▶ [Exercise brief]: Using the listing below, output only the lines from the one that contains "The first flower" through the one that contains "In the event", inclusive, exactly as given and without images.

▶ [Records for this task]:
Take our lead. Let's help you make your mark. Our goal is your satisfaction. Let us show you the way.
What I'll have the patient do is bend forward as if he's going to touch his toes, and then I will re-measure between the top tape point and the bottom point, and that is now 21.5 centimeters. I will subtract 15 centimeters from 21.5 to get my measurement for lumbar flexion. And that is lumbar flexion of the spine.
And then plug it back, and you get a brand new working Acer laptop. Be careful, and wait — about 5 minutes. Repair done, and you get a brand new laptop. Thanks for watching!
...
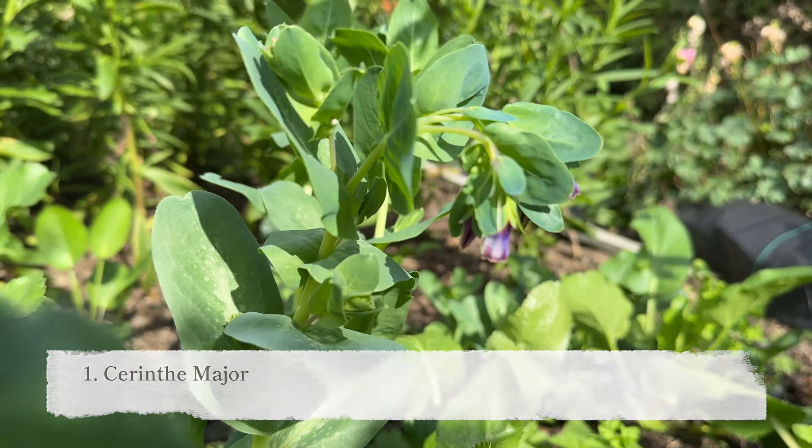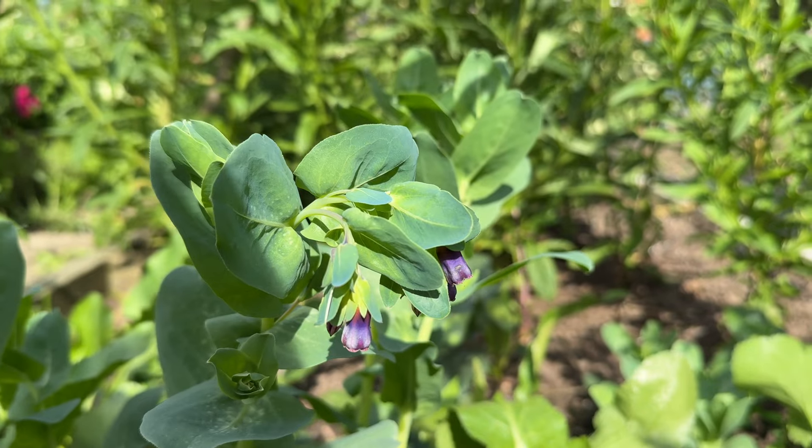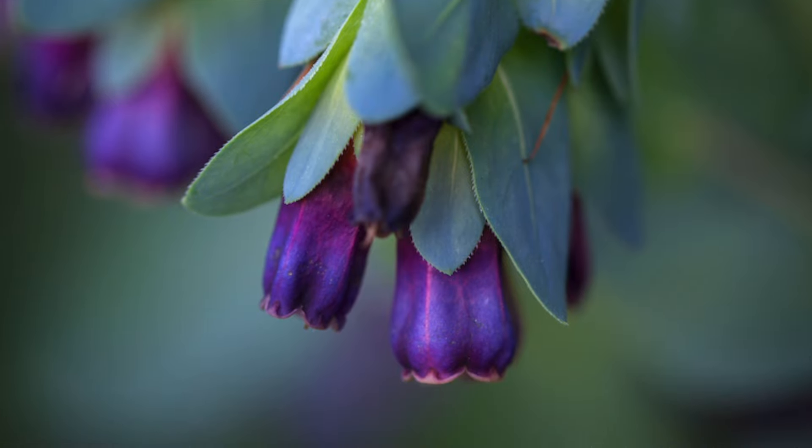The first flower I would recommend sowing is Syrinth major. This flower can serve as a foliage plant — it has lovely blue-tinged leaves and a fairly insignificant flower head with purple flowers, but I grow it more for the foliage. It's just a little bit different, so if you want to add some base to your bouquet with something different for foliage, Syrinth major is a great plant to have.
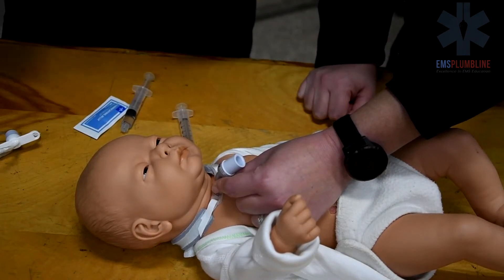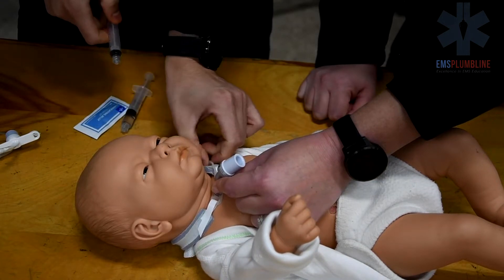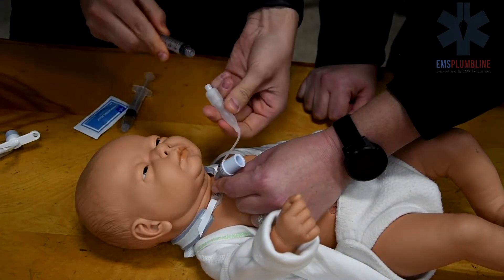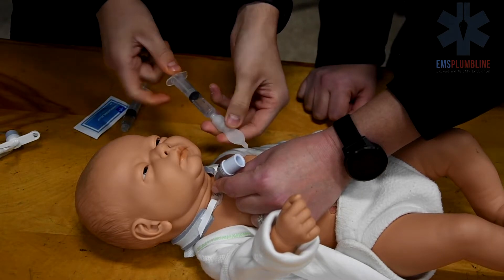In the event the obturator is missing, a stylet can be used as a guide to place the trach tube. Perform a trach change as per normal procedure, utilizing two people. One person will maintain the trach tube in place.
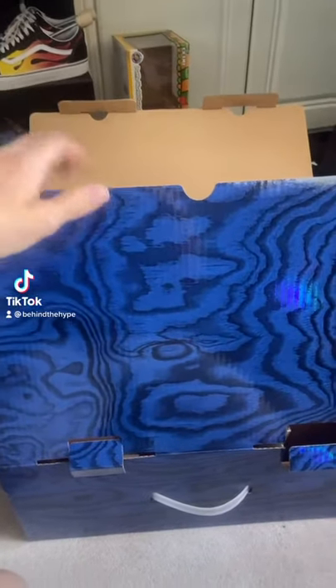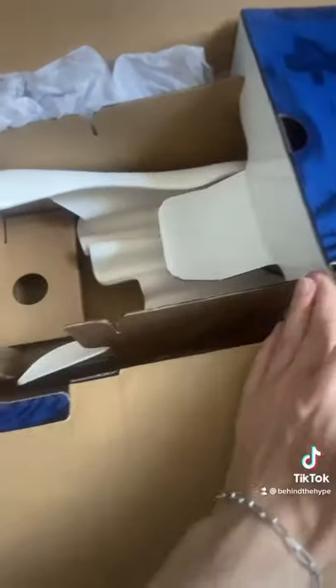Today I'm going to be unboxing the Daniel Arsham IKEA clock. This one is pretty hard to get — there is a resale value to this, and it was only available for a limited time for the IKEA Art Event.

▶ [Exercise solution]:
The first flower I would recommend sowing is Syrinth major. This flower can serve as a foliage plant — it has lovely blue-tinged leaves and a fairly insignificant flower head with purple flowers, but I grow it more for the foliage. It's just a little bit different, so if you want to add some base to your bouquet with something different for foliage, Syrinth major is a great plant to have.
In the event the obturator is missing, a stylet can be used as a guide to place the trach tube. Perform a trach change as per normal procedure, utilizing two people. One person will maintain the trach tube in place.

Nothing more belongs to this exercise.